Governor Jerry Brown will sign the bill on Monday.

Earlier this week, we reported that California legislators had reached an agreement to raise California's minimum wage to $15 per hour by 2022. Now, that's about to be reality.

Sacramento Bee reports:

With his planned signature in Los Angeles on Monday, Brown will avert a costly ballot fight, give California the nation’s highest wage and make it the first state to vindicate organized labor’s national “Fight for 15” rallying cry. Labor officials were triumphant.

“The credit for making history today belongs to the workers who spoke out and risked it all, the labor unions and community organizations who supported them, and elected leaders here in California who listened,” Service Employees International Union Local 2015 president Laphonza Butler, who had vowed to pull back an SEIU-backed minimum wage ballot initiative if the bill passes, said in a statement. “As a result, millions of Californians are on the path out of poverty.”

Wage hikes would occur annually, beginning with a boost to $10.50 in 2017 for businesses with 26 or more employees, $11 in 2018 and another dollar each year thereafter.

After the wage hits $15 it could continue to rise with inflation.
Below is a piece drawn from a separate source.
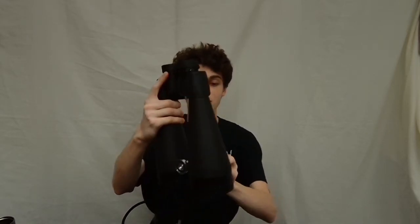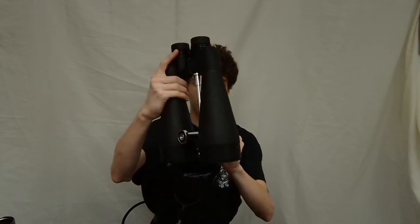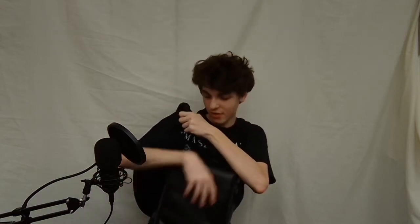As you can probably see, it pivots. That means regardless of the terrain, position, or orientation you want to put your binoculars in, you can always find that perfect balance to make sure it is as stable as it could ever be.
Smaller businesses would have an additional year to implement each annual bump. The bill would also provide in-home health aides three annual sick days. According to the Department of Finance, a $15 wage would cost California about $4 billion a year.

The Fight for $15 goes on, too. New York is reportedly close to an agreement on a $15 minimum wage, too. New York's will actually rise faster than California's, if it's adopted.